### Problem description
The word "Rain" marks the lines to keep; find each one in the data and copy it.

### Exercise data
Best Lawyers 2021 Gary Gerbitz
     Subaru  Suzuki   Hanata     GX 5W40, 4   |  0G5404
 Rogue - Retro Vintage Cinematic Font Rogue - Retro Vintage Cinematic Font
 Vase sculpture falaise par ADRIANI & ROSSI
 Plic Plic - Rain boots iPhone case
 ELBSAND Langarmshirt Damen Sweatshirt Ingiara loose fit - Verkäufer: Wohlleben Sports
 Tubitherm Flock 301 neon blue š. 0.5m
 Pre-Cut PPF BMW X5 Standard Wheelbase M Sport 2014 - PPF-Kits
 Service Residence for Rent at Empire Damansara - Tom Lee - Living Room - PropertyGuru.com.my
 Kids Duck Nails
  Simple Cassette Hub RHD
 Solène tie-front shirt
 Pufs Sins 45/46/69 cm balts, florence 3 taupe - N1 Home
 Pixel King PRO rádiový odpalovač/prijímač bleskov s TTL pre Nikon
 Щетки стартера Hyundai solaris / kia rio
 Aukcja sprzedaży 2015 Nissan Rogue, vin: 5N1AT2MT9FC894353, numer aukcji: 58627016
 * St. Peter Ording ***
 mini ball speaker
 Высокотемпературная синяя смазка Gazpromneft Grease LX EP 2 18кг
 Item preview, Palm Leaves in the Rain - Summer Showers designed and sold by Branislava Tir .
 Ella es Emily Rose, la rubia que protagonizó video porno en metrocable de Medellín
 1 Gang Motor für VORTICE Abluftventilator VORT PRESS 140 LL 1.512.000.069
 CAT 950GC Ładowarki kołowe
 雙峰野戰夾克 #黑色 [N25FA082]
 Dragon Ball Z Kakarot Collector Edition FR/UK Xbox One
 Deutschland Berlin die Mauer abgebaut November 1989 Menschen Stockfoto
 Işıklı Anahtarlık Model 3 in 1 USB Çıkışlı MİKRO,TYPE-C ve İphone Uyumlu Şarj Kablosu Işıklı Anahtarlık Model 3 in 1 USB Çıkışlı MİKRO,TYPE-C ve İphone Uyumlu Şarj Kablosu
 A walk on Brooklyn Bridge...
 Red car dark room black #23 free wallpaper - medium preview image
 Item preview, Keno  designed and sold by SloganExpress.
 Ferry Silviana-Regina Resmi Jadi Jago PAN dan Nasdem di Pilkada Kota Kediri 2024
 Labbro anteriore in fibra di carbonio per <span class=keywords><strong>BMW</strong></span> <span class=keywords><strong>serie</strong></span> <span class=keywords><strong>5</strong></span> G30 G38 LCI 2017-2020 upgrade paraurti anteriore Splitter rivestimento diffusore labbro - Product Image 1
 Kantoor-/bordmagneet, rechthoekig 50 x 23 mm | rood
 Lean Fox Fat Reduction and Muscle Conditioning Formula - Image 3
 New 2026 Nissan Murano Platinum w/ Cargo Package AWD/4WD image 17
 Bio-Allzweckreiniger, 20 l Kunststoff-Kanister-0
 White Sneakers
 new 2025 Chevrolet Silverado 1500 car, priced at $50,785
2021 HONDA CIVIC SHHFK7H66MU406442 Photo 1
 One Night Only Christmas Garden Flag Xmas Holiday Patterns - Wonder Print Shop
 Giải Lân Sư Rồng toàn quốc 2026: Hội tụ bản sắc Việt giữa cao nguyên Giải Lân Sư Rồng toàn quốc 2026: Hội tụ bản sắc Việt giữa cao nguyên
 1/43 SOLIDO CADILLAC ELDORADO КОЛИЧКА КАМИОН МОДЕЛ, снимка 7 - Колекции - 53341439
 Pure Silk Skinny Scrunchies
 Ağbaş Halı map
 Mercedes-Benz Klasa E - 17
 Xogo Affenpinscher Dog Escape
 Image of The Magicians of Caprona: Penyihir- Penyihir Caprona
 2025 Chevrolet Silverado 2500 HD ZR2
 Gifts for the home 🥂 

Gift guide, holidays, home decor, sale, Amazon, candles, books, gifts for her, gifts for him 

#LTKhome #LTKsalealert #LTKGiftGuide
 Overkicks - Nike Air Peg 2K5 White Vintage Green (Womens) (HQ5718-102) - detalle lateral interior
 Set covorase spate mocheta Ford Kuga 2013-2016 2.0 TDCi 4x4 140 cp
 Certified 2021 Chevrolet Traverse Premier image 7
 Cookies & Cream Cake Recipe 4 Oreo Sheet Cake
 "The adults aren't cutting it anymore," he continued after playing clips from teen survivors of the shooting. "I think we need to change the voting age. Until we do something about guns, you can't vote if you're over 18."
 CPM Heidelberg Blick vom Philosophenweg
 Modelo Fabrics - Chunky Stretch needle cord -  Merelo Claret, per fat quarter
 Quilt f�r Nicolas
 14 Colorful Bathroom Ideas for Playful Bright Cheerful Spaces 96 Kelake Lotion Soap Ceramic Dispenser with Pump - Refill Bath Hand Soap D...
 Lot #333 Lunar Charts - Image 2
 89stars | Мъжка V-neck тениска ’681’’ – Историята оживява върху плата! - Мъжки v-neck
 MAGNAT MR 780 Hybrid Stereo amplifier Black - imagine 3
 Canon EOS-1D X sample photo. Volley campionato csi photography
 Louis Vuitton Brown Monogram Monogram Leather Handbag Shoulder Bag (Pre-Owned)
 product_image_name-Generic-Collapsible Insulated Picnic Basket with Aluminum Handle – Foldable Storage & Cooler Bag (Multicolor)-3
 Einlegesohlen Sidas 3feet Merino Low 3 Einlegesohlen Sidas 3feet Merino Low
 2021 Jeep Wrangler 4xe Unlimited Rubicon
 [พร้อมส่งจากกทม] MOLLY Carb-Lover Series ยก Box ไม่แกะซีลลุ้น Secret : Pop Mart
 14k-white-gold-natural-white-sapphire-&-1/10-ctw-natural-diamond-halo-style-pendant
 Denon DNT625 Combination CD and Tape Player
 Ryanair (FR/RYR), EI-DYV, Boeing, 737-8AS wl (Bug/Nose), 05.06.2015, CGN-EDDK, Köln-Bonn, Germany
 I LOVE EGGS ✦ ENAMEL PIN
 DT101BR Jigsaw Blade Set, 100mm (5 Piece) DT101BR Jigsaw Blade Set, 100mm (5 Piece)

### Task solution
 Plic Plic - Rain boots iPhone case
 Item preview, Palm Leaves in the Rain - Summer Showers designed and sold by Branislava Tir .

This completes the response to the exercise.